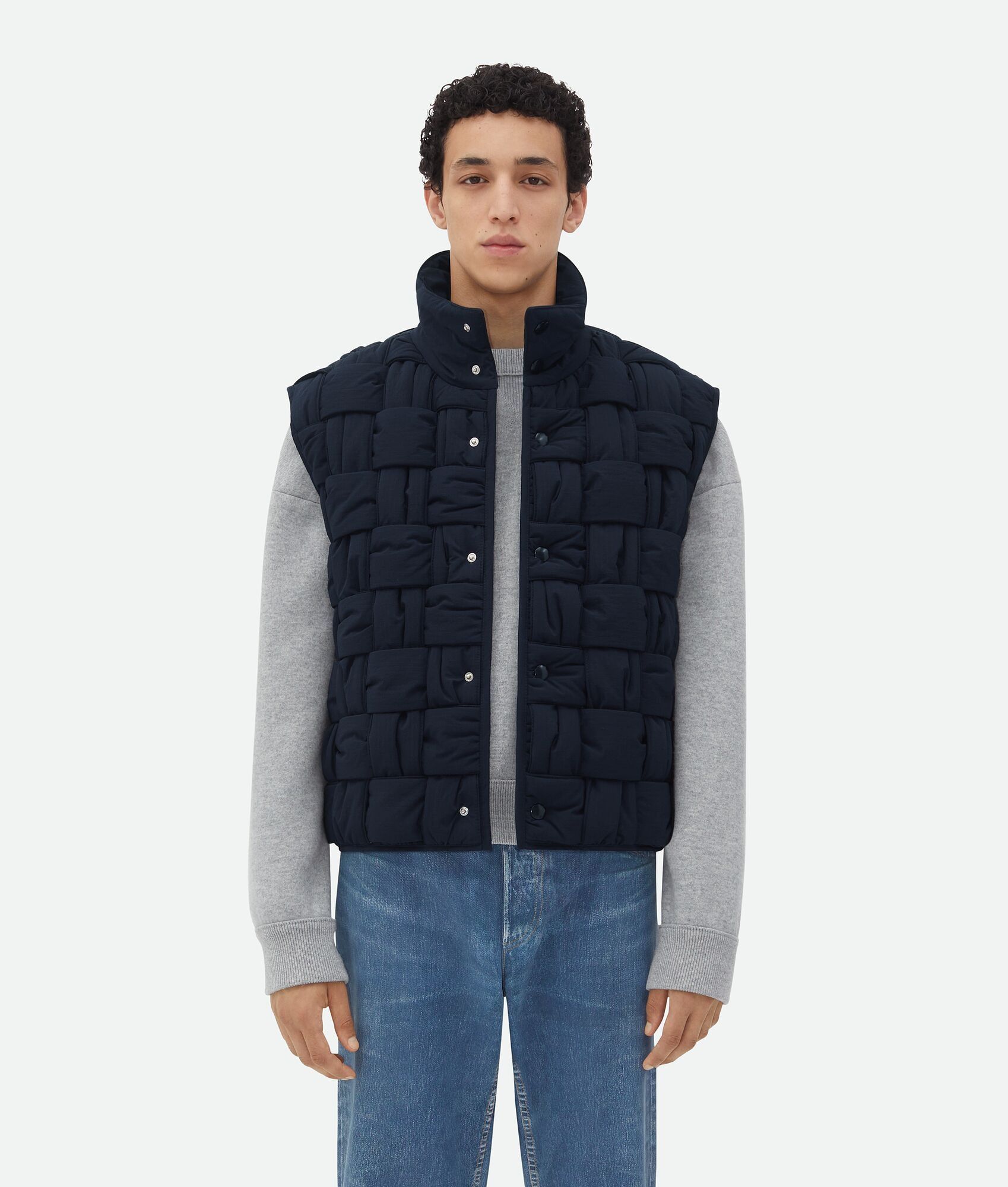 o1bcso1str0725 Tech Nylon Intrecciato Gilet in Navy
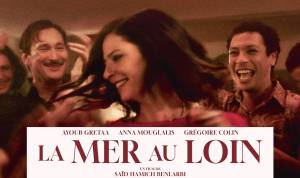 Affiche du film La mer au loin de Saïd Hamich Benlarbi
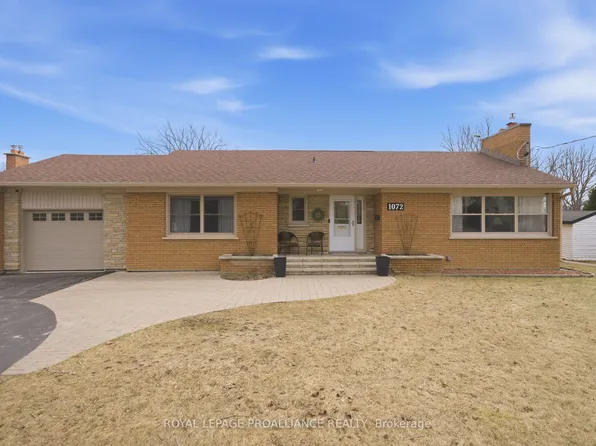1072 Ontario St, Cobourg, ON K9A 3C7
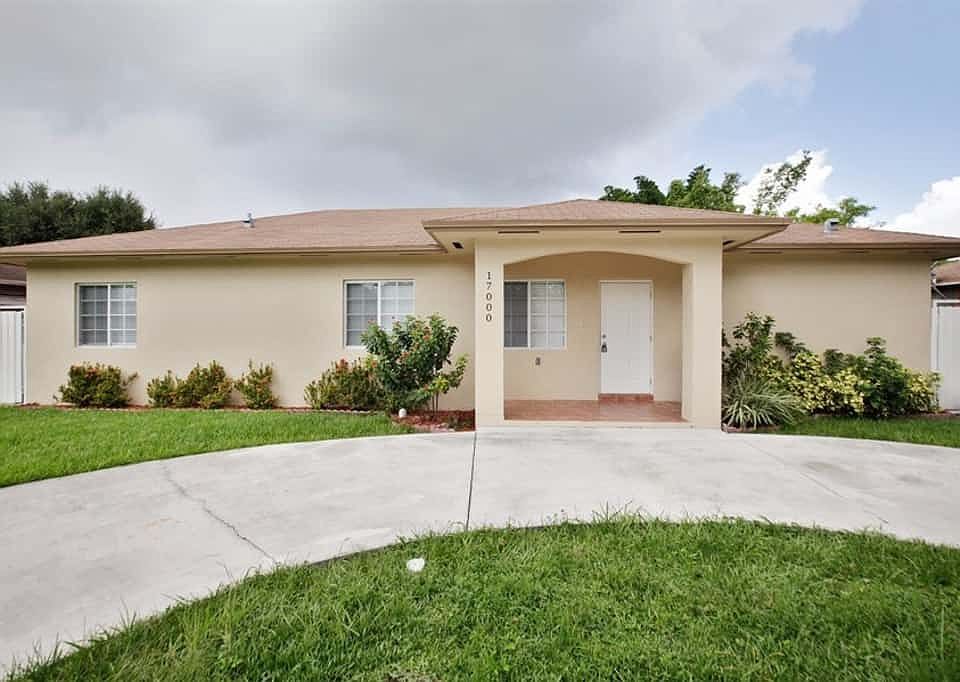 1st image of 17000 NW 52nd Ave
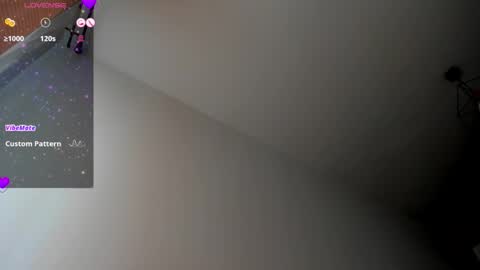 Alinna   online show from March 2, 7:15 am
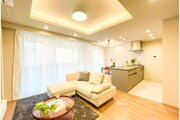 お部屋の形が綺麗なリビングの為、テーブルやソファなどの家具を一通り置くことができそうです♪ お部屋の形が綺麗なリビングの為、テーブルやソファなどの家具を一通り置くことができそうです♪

--------

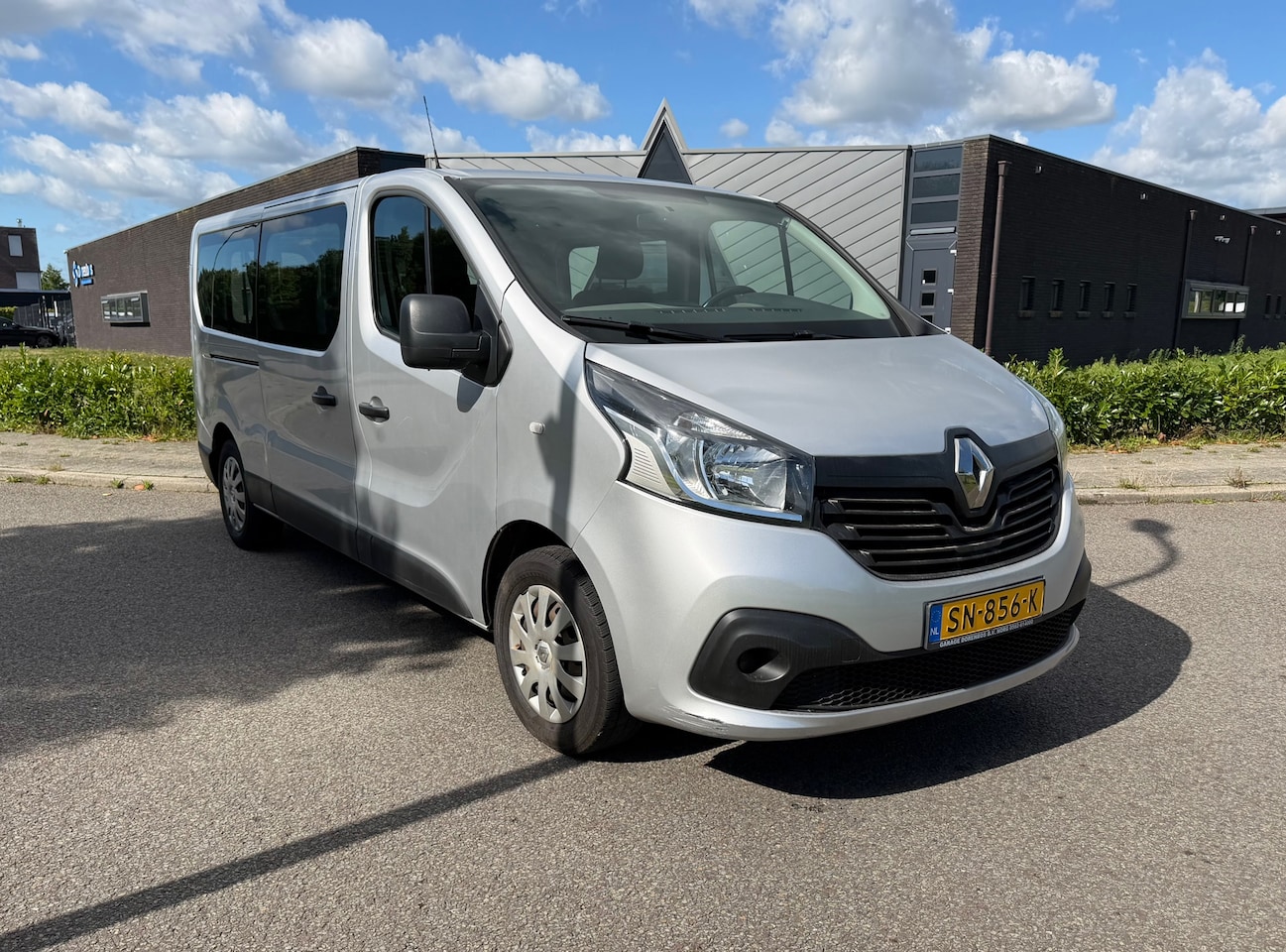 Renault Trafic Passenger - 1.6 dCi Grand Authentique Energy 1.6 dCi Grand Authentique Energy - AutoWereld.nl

--------

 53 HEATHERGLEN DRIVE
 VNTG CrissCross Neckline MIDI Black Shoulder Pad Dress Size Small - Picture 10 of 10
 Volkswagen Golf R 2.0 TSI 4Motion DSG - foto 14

--------

■ Task objective
Please transcribe exactly the part of the records that opens with the line containing "o1bcso1str0725 Tech Nylon" and closes with the line containing "March 2, 7:15 am", both ends included, and leave out the pictures.

■ Exercise result
 o1bcso1str0725 Tech Nylon Intrecciato Gilet in Navy
 Affiche du film La mer au loin de Saïd Hamich Benlarbi
1072 Ontario St, Cobourg, ON K9A 3C7
 1st image of 17000 NW 52nd Ave
 Alinna   online show from March 2, 7:15 am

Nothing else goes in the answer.